• What the task asks:
Pictures appear among the records below and must be omitted. Repeat exactly the lines from the line with "Депутат от избирательного" to the line with "1403312-19-6985fa...", both included.

Records contained in a dataset:
# # # # #
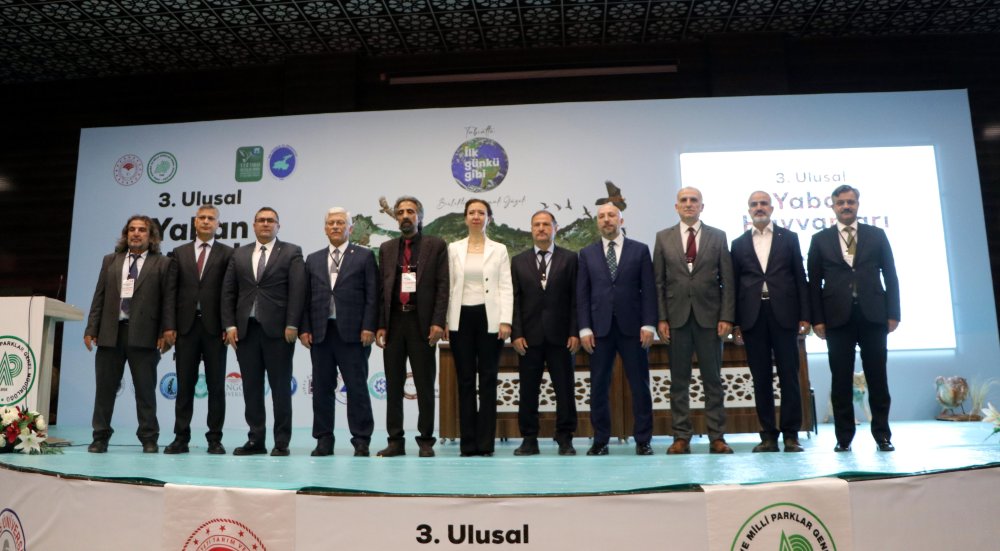 Bilim insanları, Türkiye'nin yaban hayatını Van'da konuşuyor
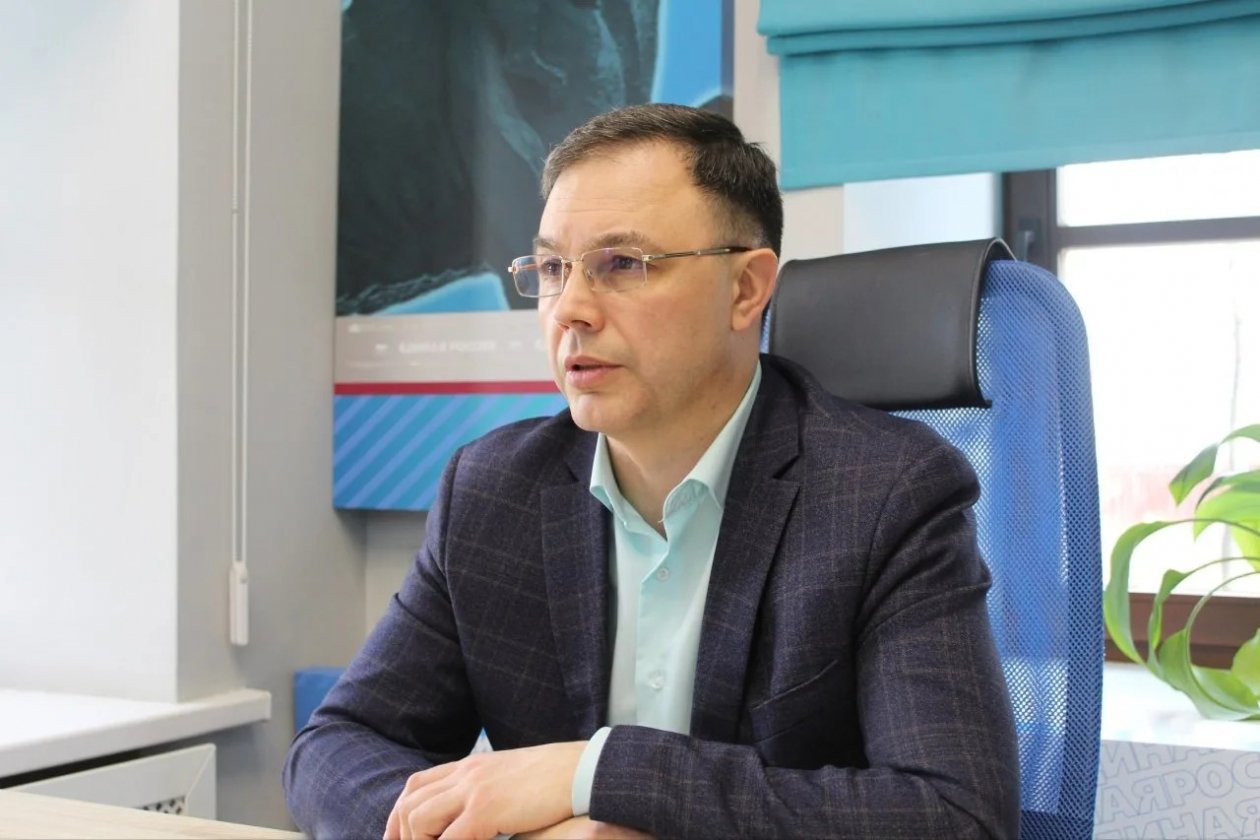 Депутат от избирательного округа №9 Павел Кудеев пресс-служба думы Иркутска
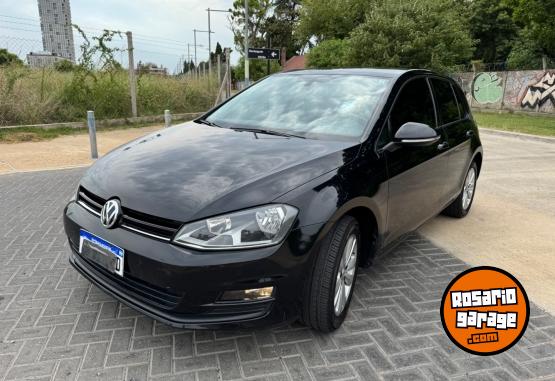 Autos - Volkswagen Golf 2017 Nafta 102000Km - En Venta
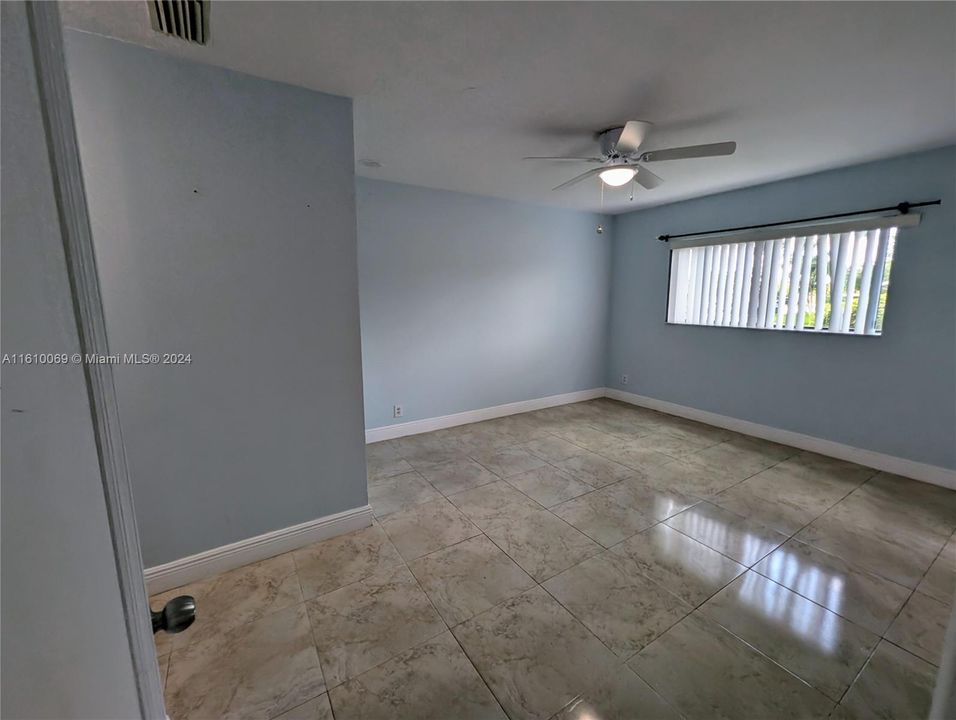 For Rent: $2,800 (2 beds, 2 baths, 1152 Square Feet)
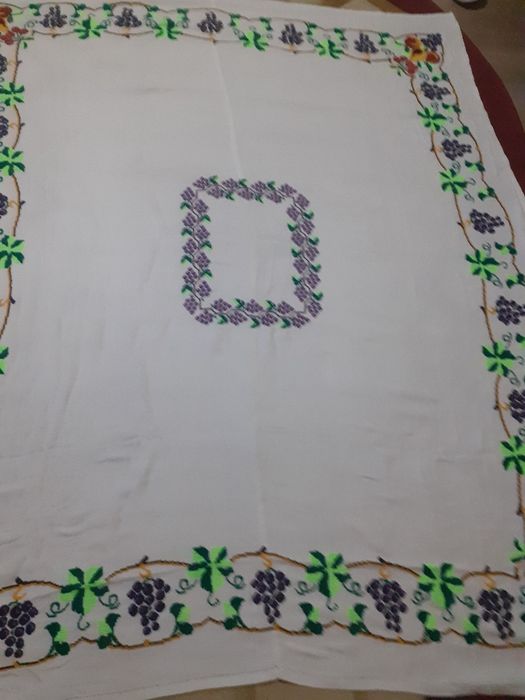 Fata de masa cusută manual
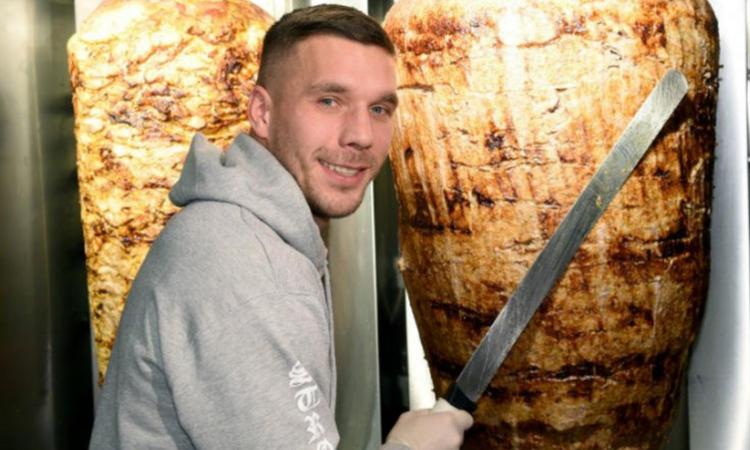 Momenti Di Gioia: ex Inter Podolski si dà al kebab e apre un negozio a Colonia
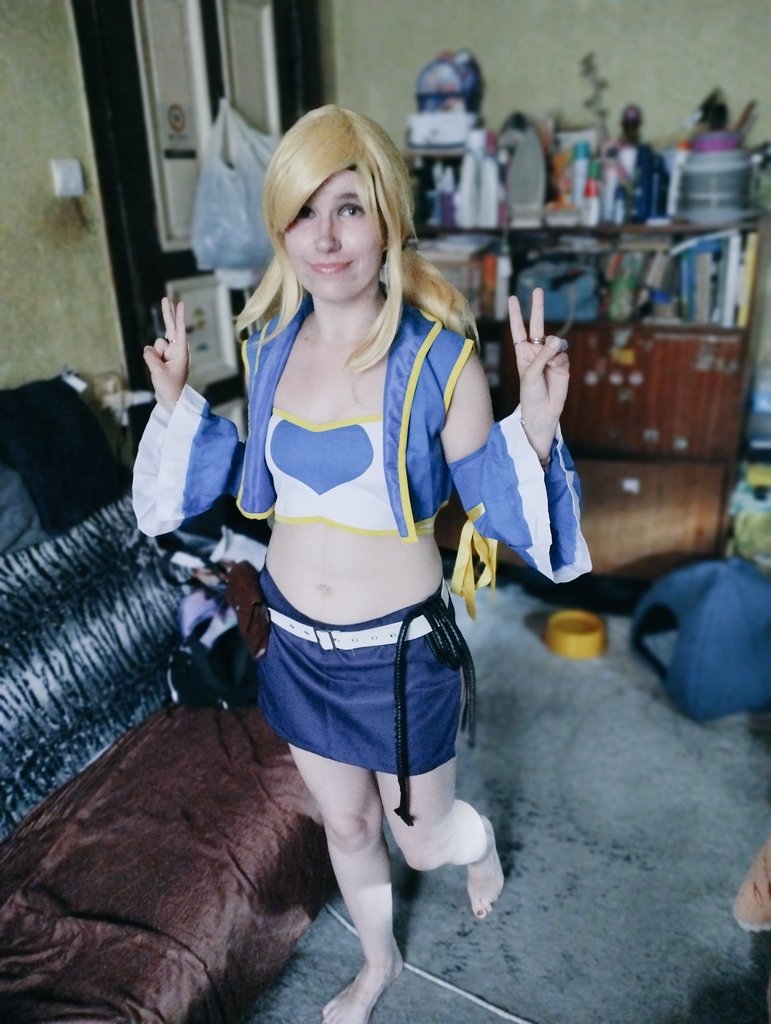 You have three choices, you can give up, give in or give it your all." ~Lucy Heartfilia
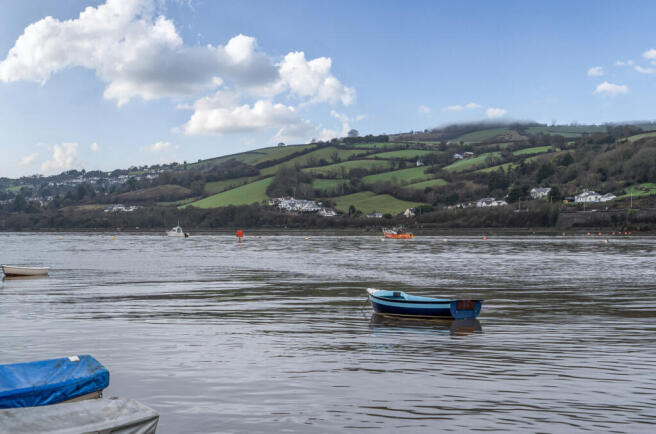 1403312-19-6985fa...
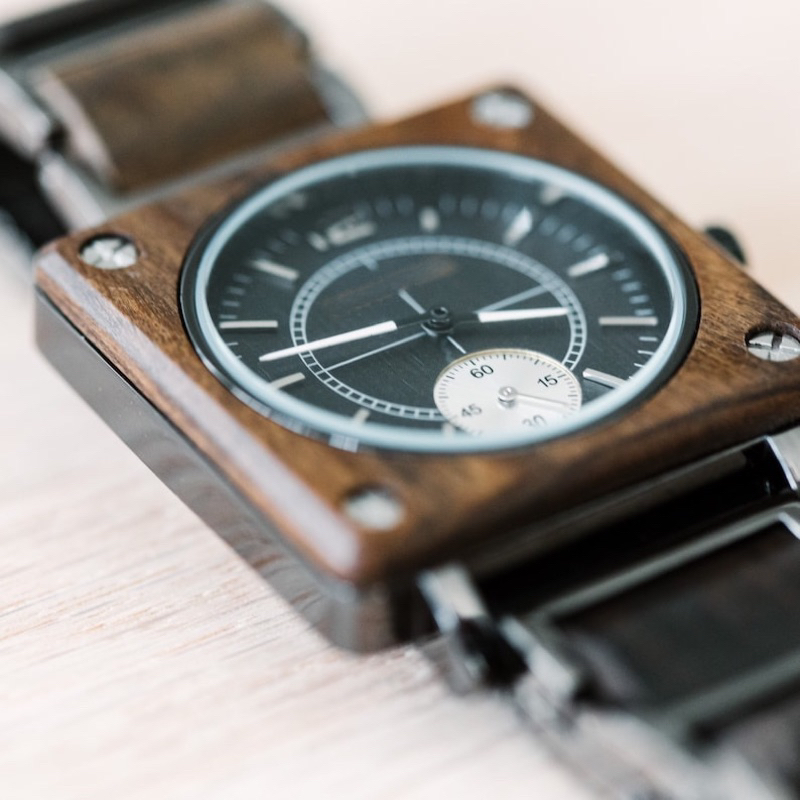 Đồng hồ đeo tay nam vỏ gỗ WoodWatch GR14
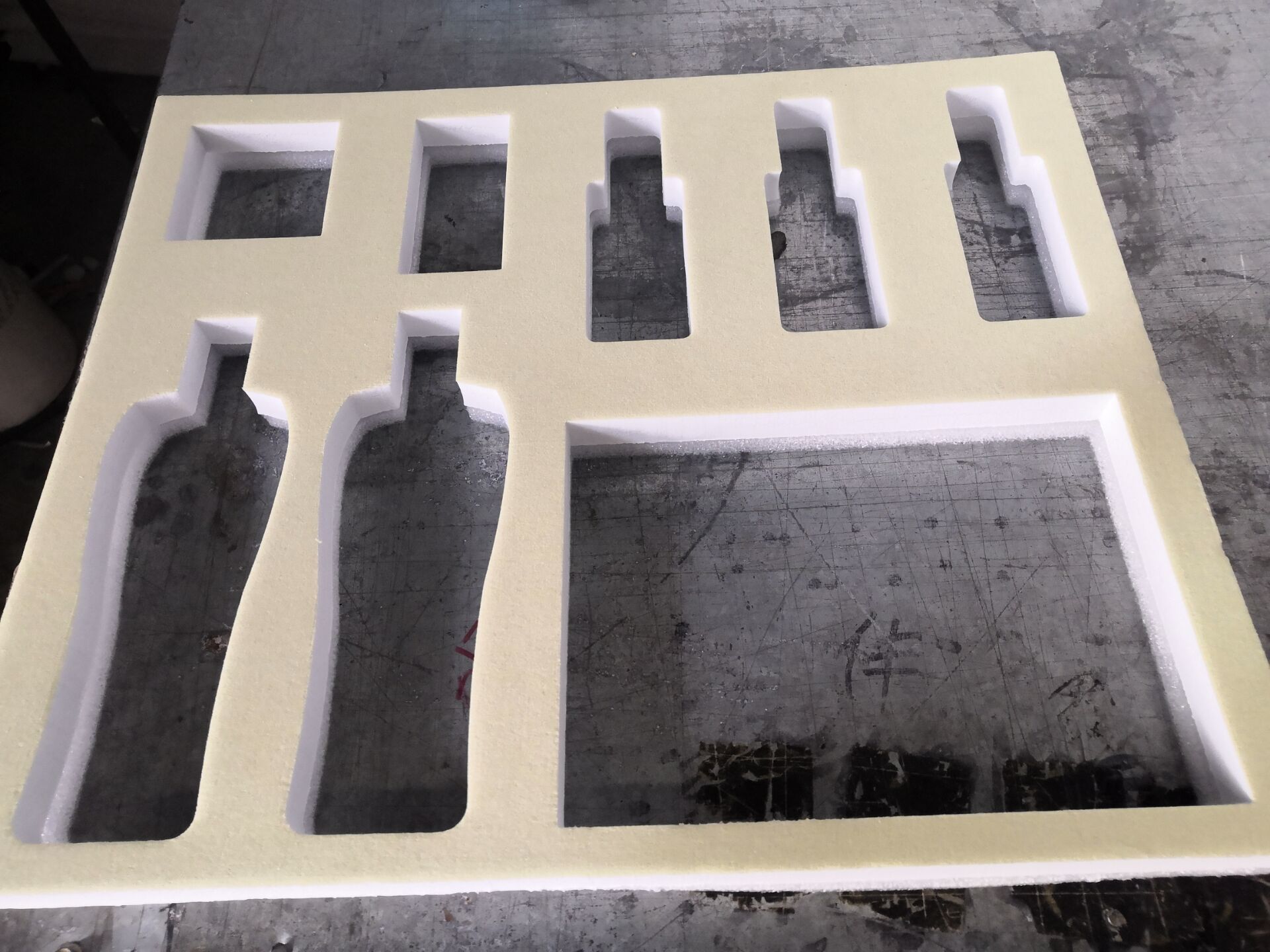 厂家供应表绒布缓冲快递包装泡沫/EVA缓冲快递包装泡沫/成型异形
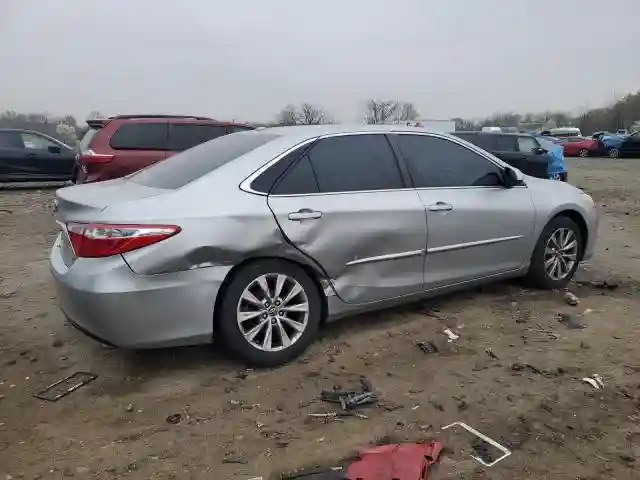 4T1BF1FKXGU503751 2016 TOYOTA CAMRY-2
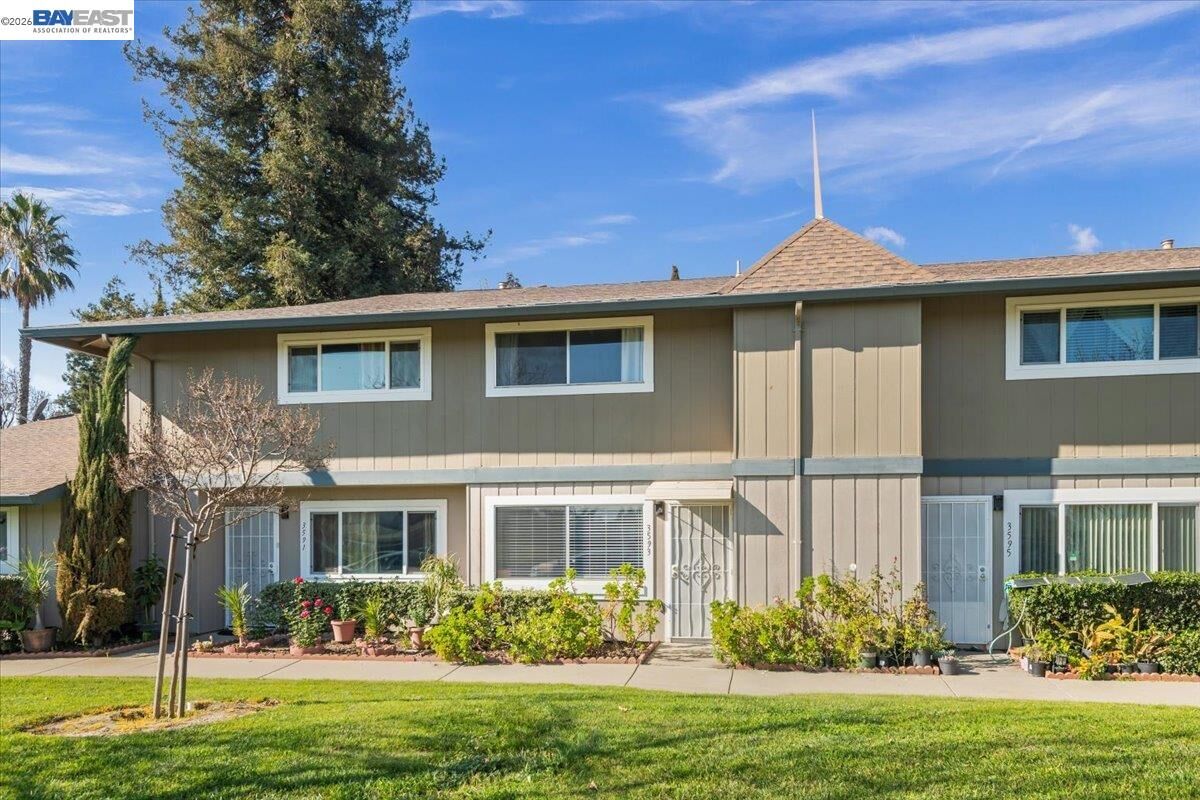 Property Photo:  3593 Dalton Cmn  CA 94536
# # # # #
• Task solution:
 Депутат от избирательного округа №9 Павел Кудеев пресс-служба думы Иркутска
 Autos - Volkswagen Golf 2017 Nafta 102000Km - En Venta
 For Rent: $2,800 (2 beds, 2 baths, 1152 Square Feet)
 Fata de masa cusută manual
 Momenti Di Gioia: ex Inter Podolski si dà al kebab e apre un negozio a Colonia
 You have three choices, you can give up, give in or give it your all." ~Lucy Heartfilia
 1403312-19-6985fa...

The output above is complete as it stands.